[Assigned task] In your output, repeat each entry exactly and include no pictures.

Stored data entries:
────────

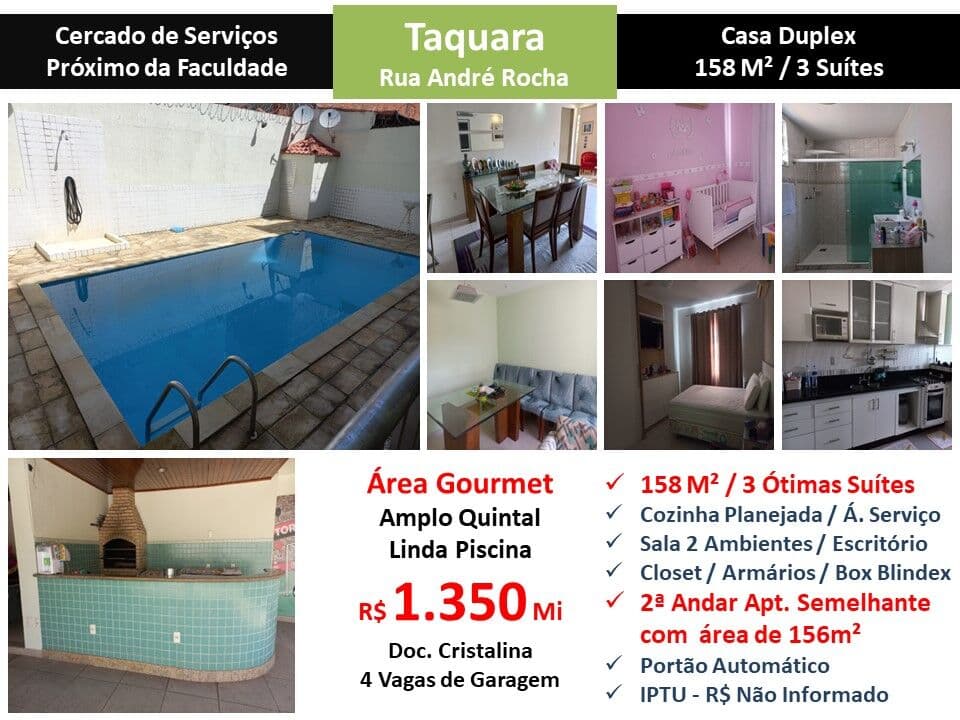 Casa JPA Taquara André Rocha 158M²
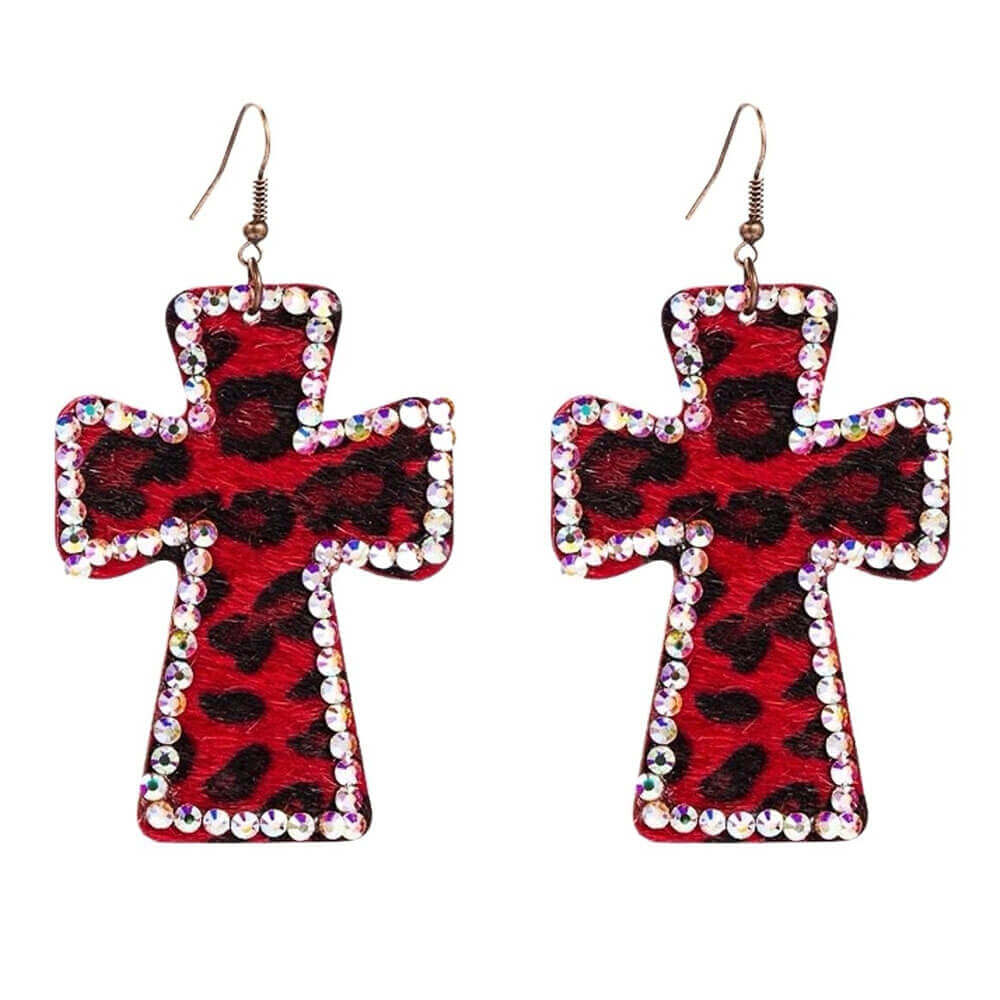 LEOPARD CROSS EARRINGS ANIMAL PRINT JEWELRY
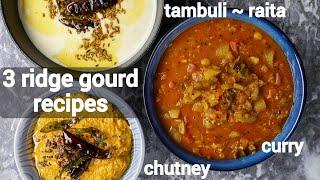 one ridge gourd - 3 recipes  beerakaya curry or turai ki sabji  heerekai chutney & raita tambuli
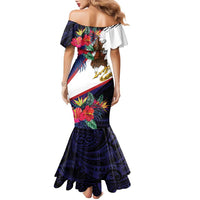 American Samoa Flag Day Since 1900 Family Matching Mermaid Dress and Hawaiian Shirt Samoa Muamua Le Atua Tropical Flowers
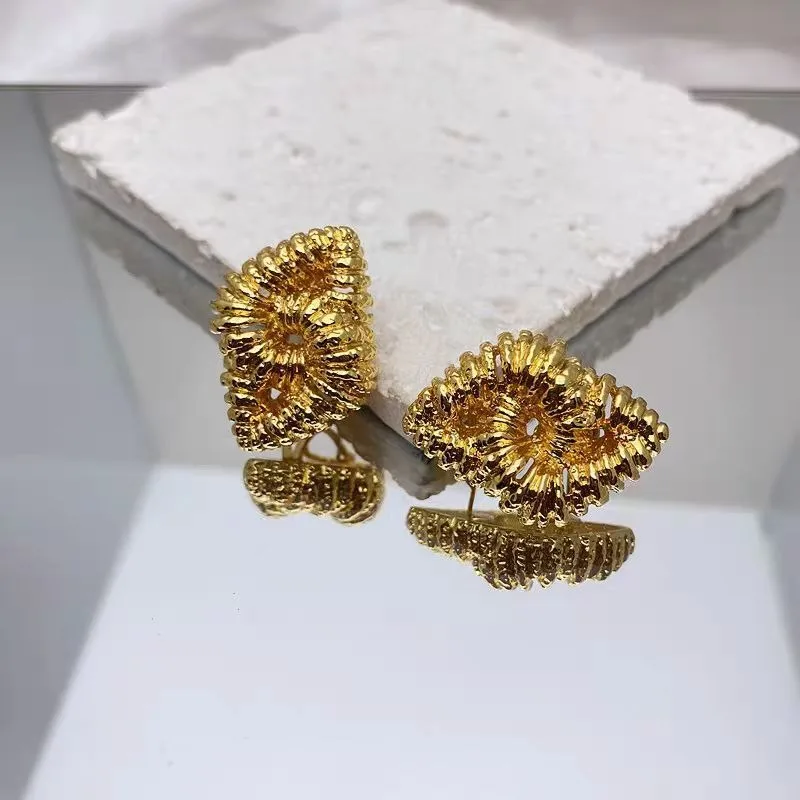 

Spain Heavy Industry Lava Stud Earrings Niche Design Earrings Light Luxury High Sense Winding Twist Earrings Women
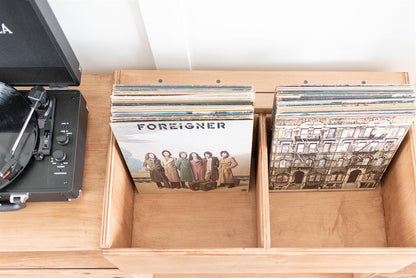 Modern Minimalist Wooden Vinyl Record Console & Turntable Stand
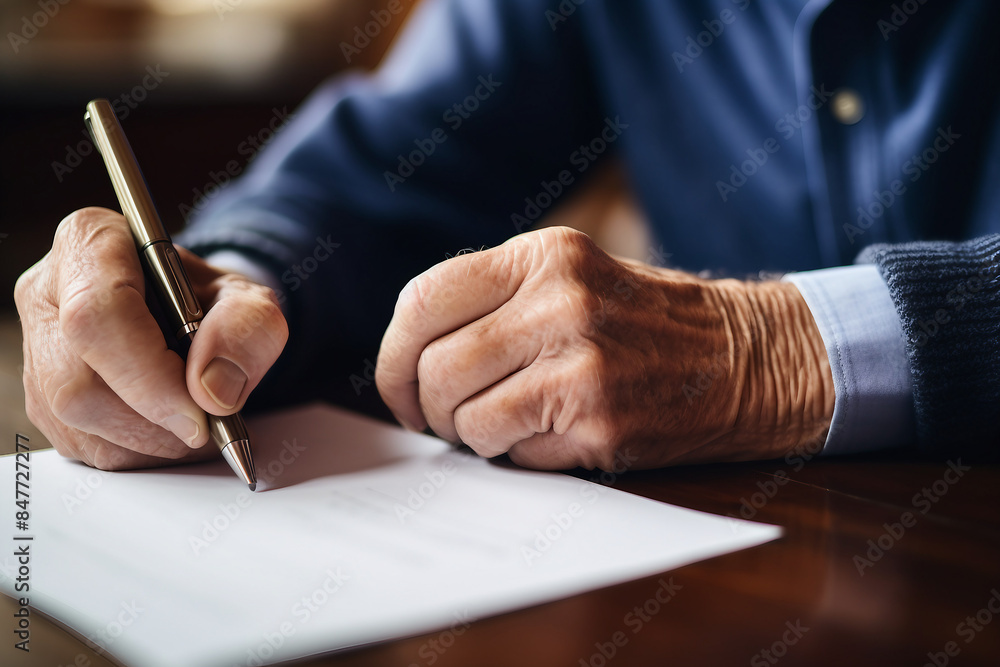 Picture of senior mature student preparing for lesson or exam generative AI concept Picture of senior mature student preparing for lesson or exam generative AI concept
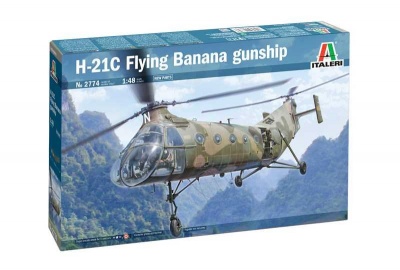 Model Kit vrtulník 2774 - H-21C Flying Banana GunShip (1:48) - Italeri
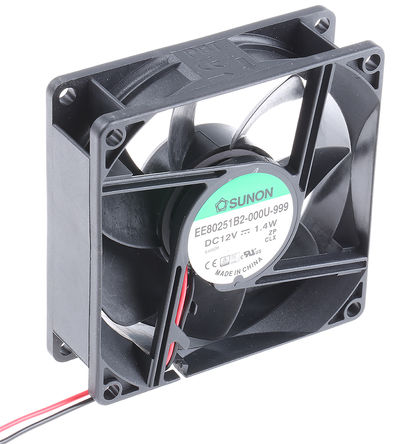 Sunon - EE80251B2-000U-999 - Sunon EE ϵ 1.4W 12 V ֱ  EE80251B2-000U-999, 62.9m3/h, 2900rpm, 80 x 80 x 25mm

────────

[Written solution]
 Casa JPA Taquara André Rocha 158M²
 LEOPARD CROSS EARRINGS ANIMAL PRINT JEWELRY
 one ridge gourd - 3 recipes  beerakaya curry or turai ki sabji  heerekai chutney & raita tambuli
 American Samoa Flag Day Since 1900 Family Matching Mermaid Dress and Hawaiian Shirt Samoa Muamua Le Atua Tropical Flowers

Spain Heavy Industry Lava Stud Earrings Niche Design Earrings Light Luxury High Sense Winding Twist Earrings Women
 Modern Minimalist Wooden Vinyl Record Console & Turntable Stand
 Picture of senior mature student preparing for lesson or exam generative AI concept Picture of senior mature student preparing for lesson or exam generative AI concept
 Model Kit vrtulník 2774 - H-21C Flying Banana GunShip (1:48) - Italeri
 Sunon - EE80251B2-000U-999 - Sunon EE ϵ 1.4W 12 V ֱ  EE80251B2-000U-999, 62.9m3/h, 2900rpm, 80 x 80 x 25mm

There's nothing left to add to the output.